MomentMoir: My husband (boyfriend at the time) asked me to get rid of the photos I had of ex-boyfriends. I wasn't hanging on to anything romantic, most of them included other friends. I was really quite sad to trash them but he didn't have any pictures of ex's around and I wouldn't have really liked it if he did. He's not a controlling guy, he just asked if I would get rid of them and I did. They were easier to let go of because I knew my husband was coming from a protective place. I still have those memories and friends (and many other pictures). My advice, for what it's worth, is to let it go a little. Meaning, don't push it so that it becomes a battle of wills. If he gets rid of his pictures, you don't want him to feel like he's lost and you made him do it. Good luck.


----------



## Abbygalll (May 26, 2010)

Hmm, I don't really have anything...

I would love for him to get rid of the kid in himself sometimes... but every man has this fine line with maturity.

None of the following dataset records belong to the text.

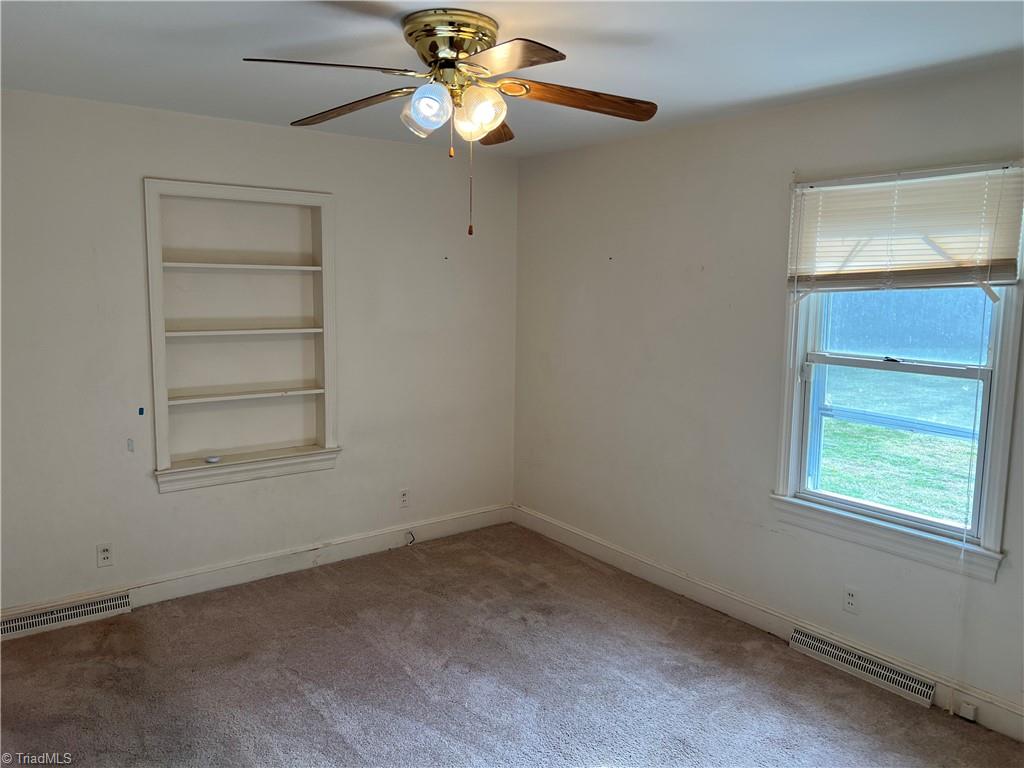 2183 Rowe Road Lexington, NC 27295 - Photo 15 of 42 Bedroom 2 with ceiling fan and built in shelf.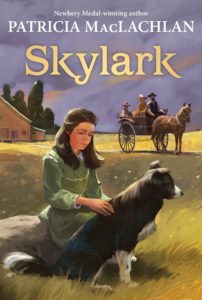 Book cover for Skylark (#2 in the Sarah Plain and Tall Series series) by Patricia MacLachlan. Image on cover is a painting of Anna, the little white girl who is the protagonist of this series, sitting sadly and petting her dog. She is wearing a green 1800s style prairie dress. Her dad, stepmother, and little brother are sitting in a wagon and looking at her from the background. The horse is about to take the stepmother and children away from the drought, but Sarah doesn’t want to go. All around them is dead grass, and there is a barn and a few green trees in the distance. 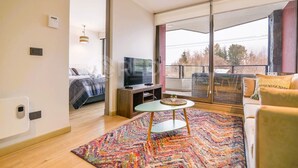 A modern living room with a large window, a sofa, a TV, and a small table. - Nuevo y hermoso depto central en Pucón (Pucon)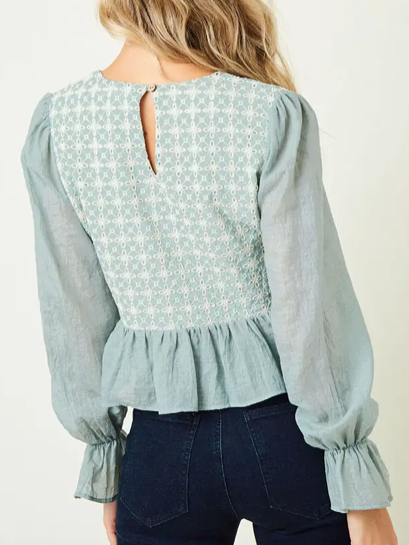 Mint green embroidered peasant top with long sleeves and a ruffled hem.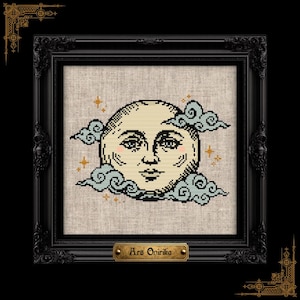 May include: A cross-stitch embroidery on light beige fabric featuring a central moon face with human features, surrounded by light blue stylized clouds and small orange stars. The piece is encased in a black ornate frame with a gold plaque reading Ars Onirika.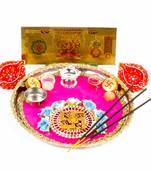 Swastika diwali thali and earthen diya with gold plated lakshmi note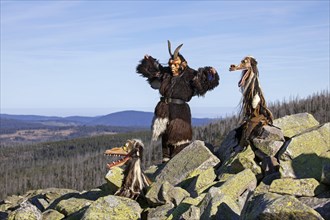 Creepy wooden devil figures on the summit of the Lusen in autumn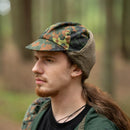 Man wearing genuine German Army flecktarn winter pile cap with ear flaps and faux fur lining in forest setting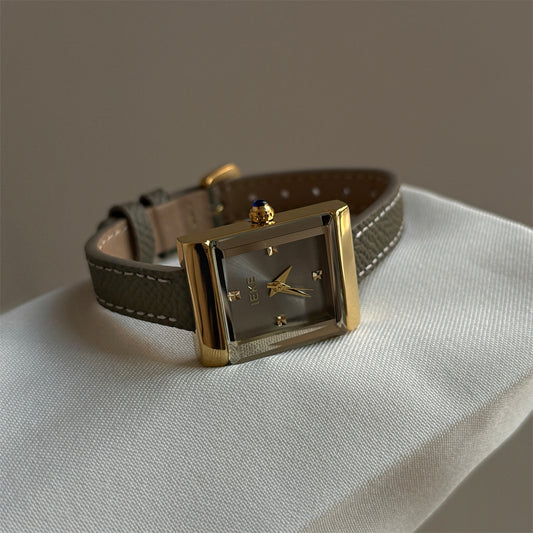 Olive-colored strap watch with a small gold square dial, featuring a niche design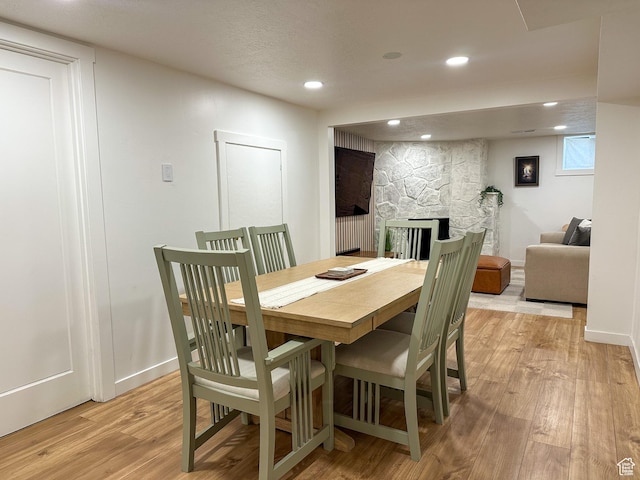 3269 Liberty Ave, Ogden, UT 84403 - dining room featuring light wood-style floors, a fireplace, and recessed lighting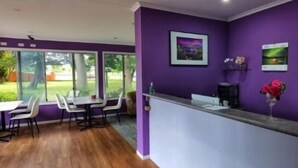 A reception area with a purple wall, a reception desk, and a seating area with chairs and a table. - All Seasons Country Lodge (Taree South)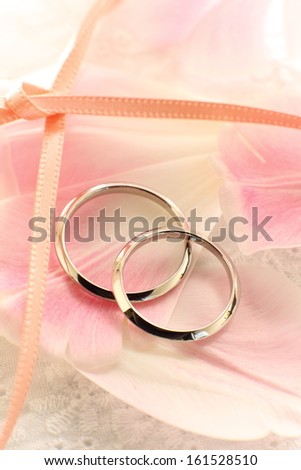 Two wedding bands are laying on flower petals.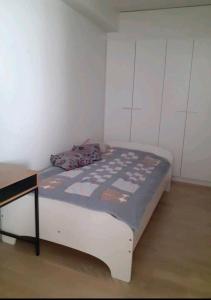 a small bedroom with a bed and a desk at Stylish city center home with sauna in Rovaniemi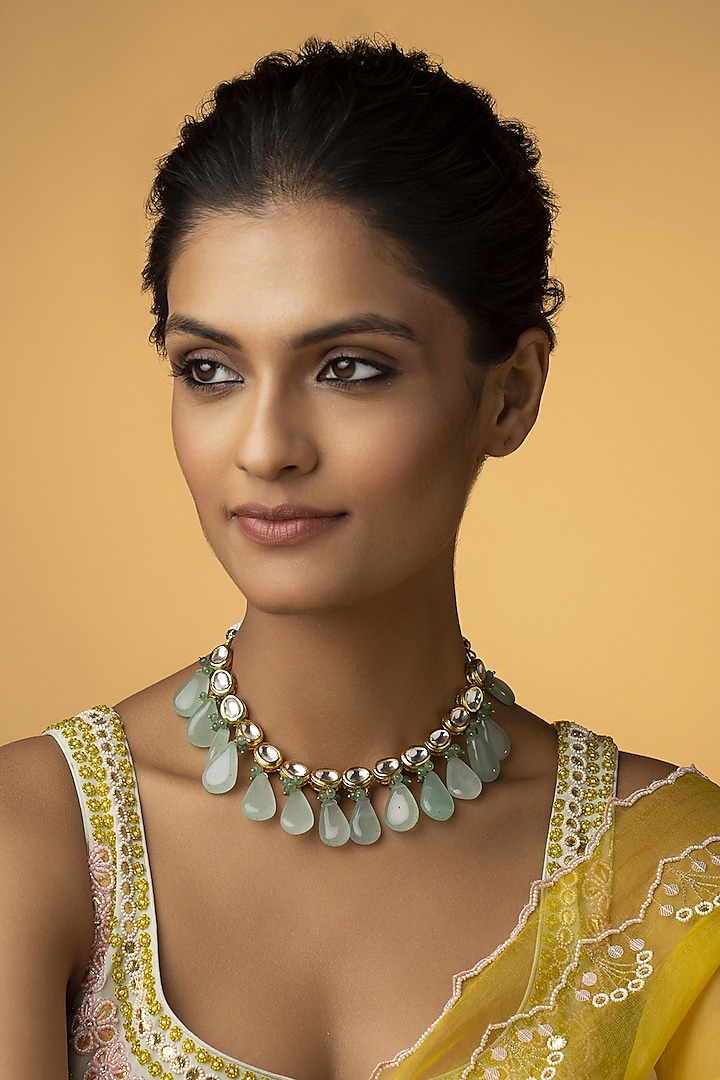 Gold Finish Kundan & Mint Fluorite Stone Necklace by Paisley Pop at Pernia's Pop Up Shop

As far as anything else goes, I'm into pretty much all things that he is. Cars, games, computers, even pictures. I could care less if he's looking at another chick, especially models. I'll look with him, lmao! But yea - I'm always happy to say I have a man that uses his spare time doing such things vs partying it up and being a ******. I &lt;3 him.


----------



## Adrienne (May 26, 2010)

Originally Posted by *MomentoMoir* /img/forum/go_quote.gif good insite ill try to look at it that way instead of the negative I've always been the type why is he with me and i doubt my self too much i need to fix it Instead of trying to "fix" yourself realize there's nothing wrong with you in the first place and just accept yourself. Your boyfriend already did. I was never the jealous one, my husband was and sometimes still is. Believe, me when you get all bent out of shape due to your insecurities all you're doing is pushing him away. No one wants to have to deal with this. It's frustrating, tiring, emotionally destructive and without some change or understanding on your behalf, it will lead to separation and tons of resentment.

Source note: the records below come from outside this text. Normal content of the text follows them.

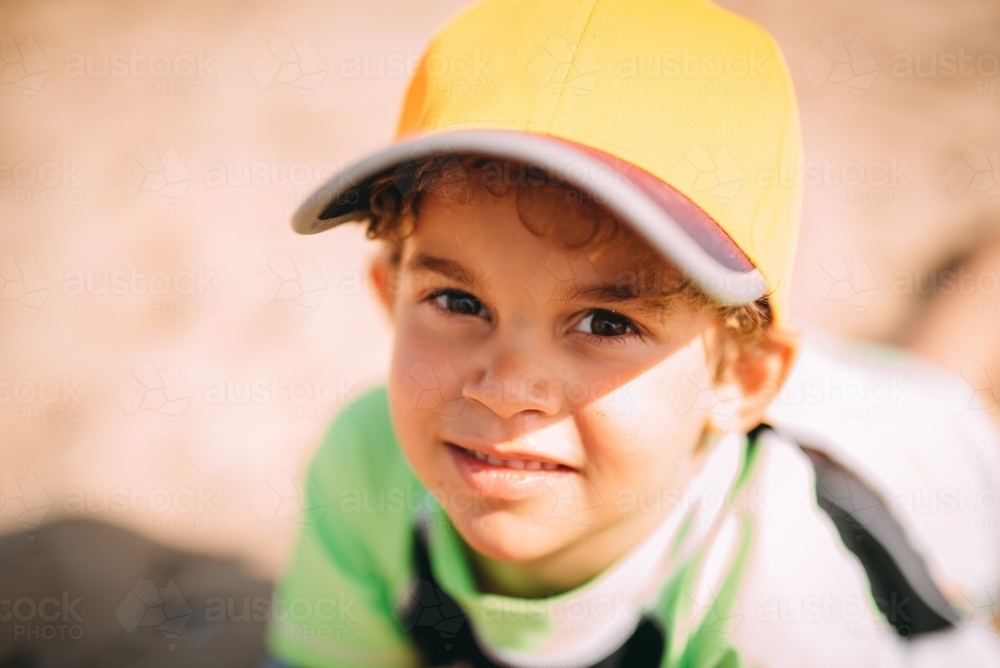 Boy smiling up at the camera - Australian Stock Image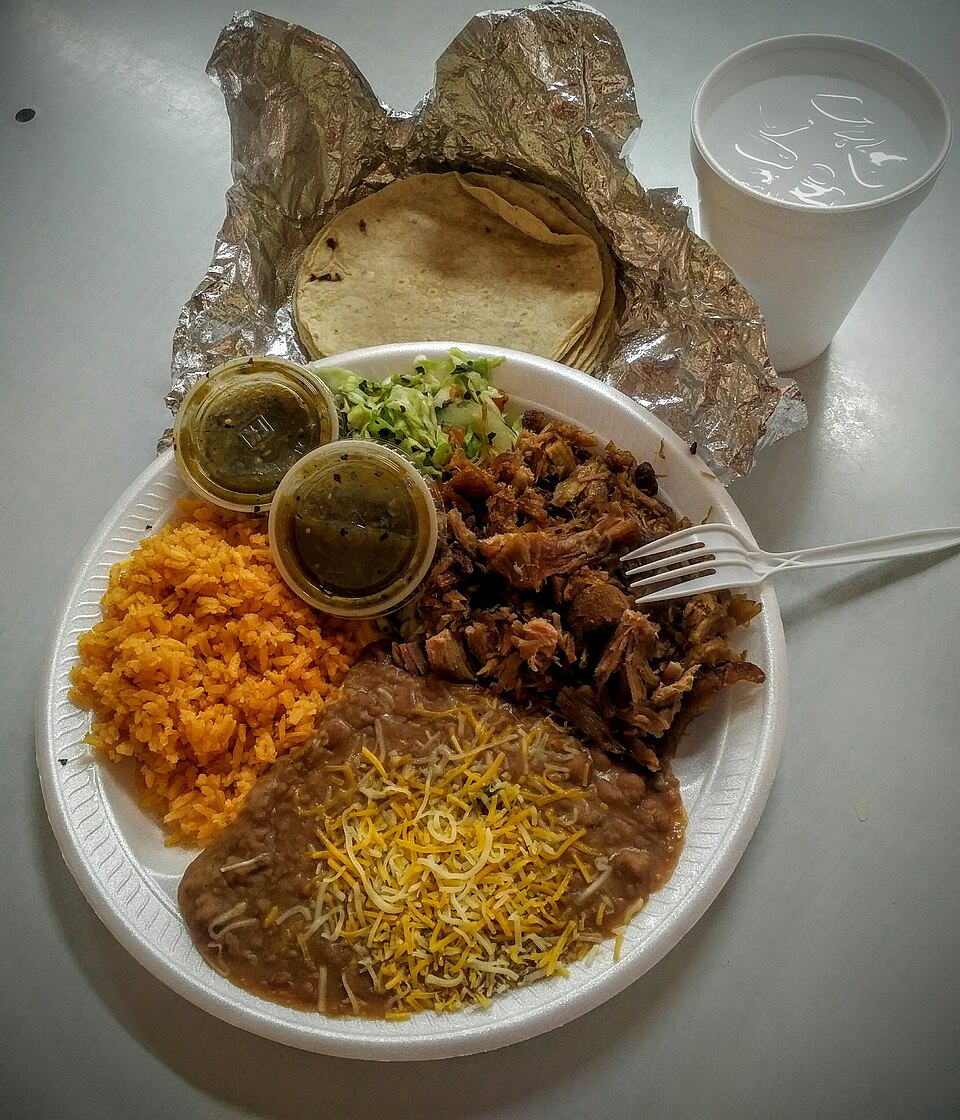 Carnitas braised shredded pork plated with tortillas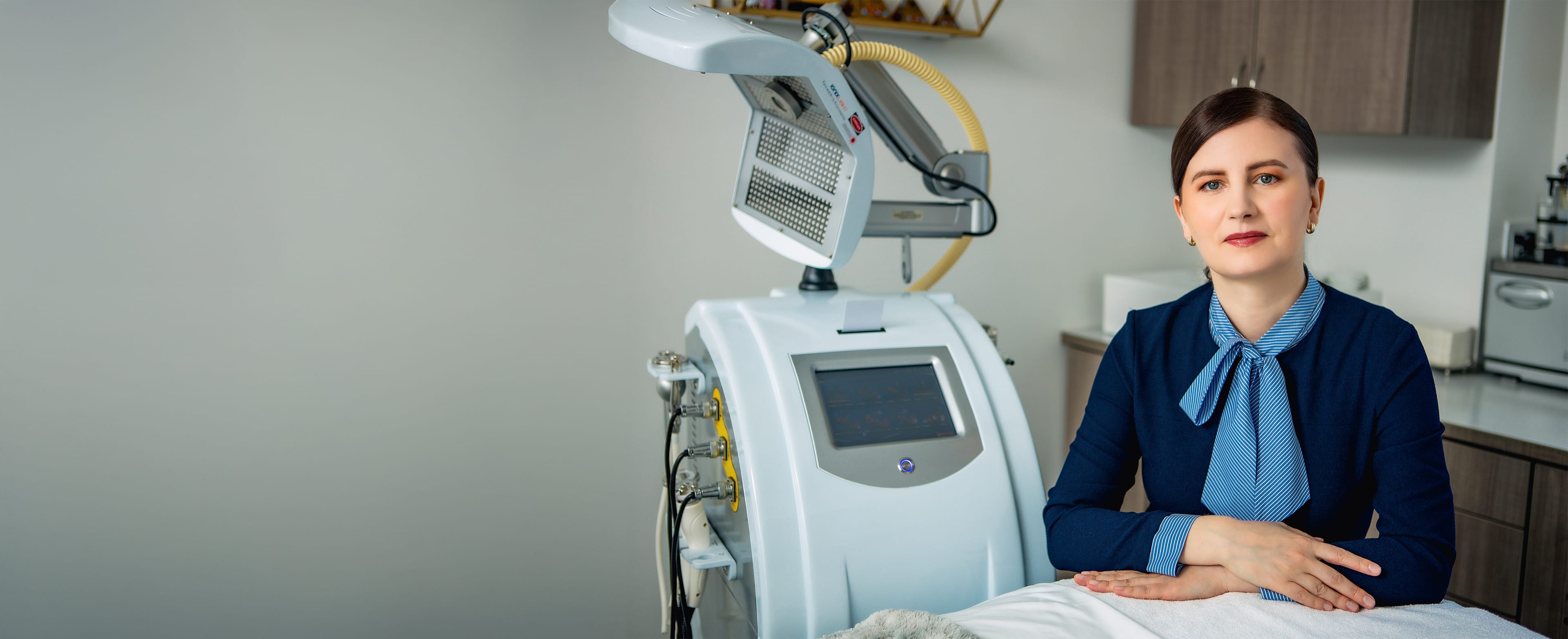 Woman sitting near medical equipment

Originally Posted by *Sherbert-Kisses* /img/forum/go_quote.gif I wish he'd get rid of the bad attitude that comes through the door with him after a bad day at work. I understand how frustrating it can be to work somewhere that can be stressful, hell I hate my job. But once I'm home and I shut the door then I'm in my safe space where work doesn't exist and I can relax. Wish he could do the same. *sigh* Same here, my husband gets frustrated easily and when I do the same, he tells me to get over it and it'll all be okay in the end. It calms me but when I do the same for him, he lashes out at everyone and anyone. I just ignore him lol. When I'm done for the day and home I just want to be home, not thinking about work.


----------



## Orangeeyecrayon (May 26, 2010)

I am currently single so i will awnswer this based on my family who i live with.

Lately i have found that clutter and disorganization tends to make me very stressed. Me and my mom have been working very hard to get rid of what we do not need and do not use.

That being said my dad and brother both have a tendency to keep stuff that they do not need below i have listed severla of these items they refuse to get rid of

- an old nasal spray bottle that was previously used to irigate the sinuses

- rip stop for making kites (my dad has not flown kites in 18 years)

- my dads profesional bikes which he could sell for several thousand each (he has not biked in 5 years)

That combined with my dads constant buying of stuff he does not truley need creates a lot of clutter and parts of the house that resemble what you would see on horders.


----------



## sweetnsexy6953 (May 31, 2010)

His habit of needing to buy cars.... In the almost 4 n half years of being together hes pry owned 50 cars and thats no joke. As of right now he does it to make money but the other cars he really didnt need.


----------



## Babygirl23 (Jul 9, 2010)

same as above, sometimes my boyfriend will get in these moods and its like nothing will make him happy. he gets all stressed out or something and its like all he wants to do is sleep and won't even talk to me. luckily it doesnt happen often but i hate it when i cant make him like smile at least


----------



## perlanga (Jul 9, 2010)

I found some pics of my guys ex gf a few years ago and was fuming. He cheated on me with her in the very early years of our relationship, we broke up afterward, but got back together two years later. I told him when we got back together that any talk, reference, or connection of any sort was forbidden and I was on a no tolerance policy towards that girl. When I found those pictures, very neatly put in an envelope at the bottom of a drawer he immediately threw them away, I made him get them out the trash and burn each and every one with a lighter. I told him if he didn't I was out, he needed to realize that if he would be with me he was gonna erase her the best that he could!


----------



## cloudycandyx (Dec 28, 2010)

He's SUCH a pessimist, ohmygod. And I'm an optimist, so his gloom-and-doom attitude drives me NUTS sometimes. Sometimes it makes him become a total pill and he gets in these moods where nothing will cheer him up. I've learned to just let him get over it himself, though.


----------